Worth your time is this recent LSE lecture, "Why Growth Theory Requires a Theory of the State Beyond Market Failures," by the economist Mariana Mazzucato, whose book The Entrepreneurial State: Debunking Public vs. Private Myths in Risk and Innovation, is also worth your time. In my opinion, the ideas expressed in the lecture have expanded considerably from those in the book. Mazzucato's basic argument is that the state is the true source of technological and scientific innovation and not the private sector. In her picture of things, and a picture which is closer to the truth of things, the private sector only appears on the scene when all of the major risks, the major financial unknowns of a research project have been absorbed by the long and deep investment of the state.

And what is it that corporations do these days, if they are not really investing in new products?

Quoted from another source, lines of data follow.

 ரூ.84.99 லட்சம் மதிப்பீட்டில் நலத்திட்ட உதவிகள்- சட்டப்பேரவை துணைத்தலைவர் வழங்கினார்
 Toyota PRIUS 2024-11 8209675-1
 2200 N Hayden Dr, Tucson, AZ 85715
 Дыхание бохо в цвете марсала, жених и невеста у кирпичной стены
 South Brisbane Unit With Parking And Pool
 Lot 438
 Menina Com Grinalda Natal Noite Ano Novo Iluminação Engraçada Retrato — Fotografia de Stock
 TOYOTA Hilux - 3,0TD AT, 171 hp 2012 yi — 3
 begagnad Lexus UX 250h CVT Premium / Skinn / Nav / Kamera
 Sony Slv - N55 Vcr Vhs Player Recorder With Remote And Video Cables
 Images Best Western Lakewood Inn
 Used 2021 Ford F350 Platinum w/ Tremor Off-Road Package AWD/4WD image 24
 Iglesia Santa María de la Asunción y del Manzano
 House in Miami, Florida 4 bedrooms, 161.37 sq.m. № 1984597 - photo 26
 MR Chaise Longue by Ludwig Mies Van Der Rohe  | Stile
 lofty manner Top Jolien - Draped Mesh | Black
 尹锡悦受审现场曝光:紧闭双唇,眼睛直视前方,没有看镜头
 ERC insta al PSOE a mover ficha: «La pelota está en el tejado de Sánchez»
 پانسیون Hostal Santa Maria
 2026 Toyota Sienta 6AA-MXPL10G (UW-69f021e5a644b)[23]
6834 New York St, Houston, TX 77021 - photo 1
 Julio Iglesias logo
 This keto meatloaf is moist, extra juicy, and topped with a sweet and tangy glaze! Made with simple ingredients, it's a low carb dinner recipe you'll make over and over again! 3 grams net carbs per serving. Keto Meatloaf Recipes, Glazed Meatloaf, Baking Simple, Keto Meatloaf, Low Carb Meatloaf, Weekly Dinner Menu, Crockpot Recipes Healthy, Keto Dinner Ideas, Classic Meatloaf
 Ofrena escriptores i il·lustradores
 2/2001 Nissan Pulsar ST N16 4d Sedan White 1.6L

Share buybacks is where their money goes. Now Mazzucato's lecture provided a fact that much improved my image of Steve Jobs: Apparently Apple had to wait for his death to begin this sad business of reallocating money from projects that develop new things to a scheme that increases the value of shares...

Activist investor Carl Icahn is at it again, this time writing an open letter to Apple CEO Tim Cook and urging the company to buy back $150 billion of its own stock.
His idea: Apple (AAPL, Fortune 500) shares are extremely undervalued, so now's the time for the company to invest in itself — and increase the value of its investors' stock holdings.

The argument often used to justify buybacks is that the company has run out of exciting product ideas.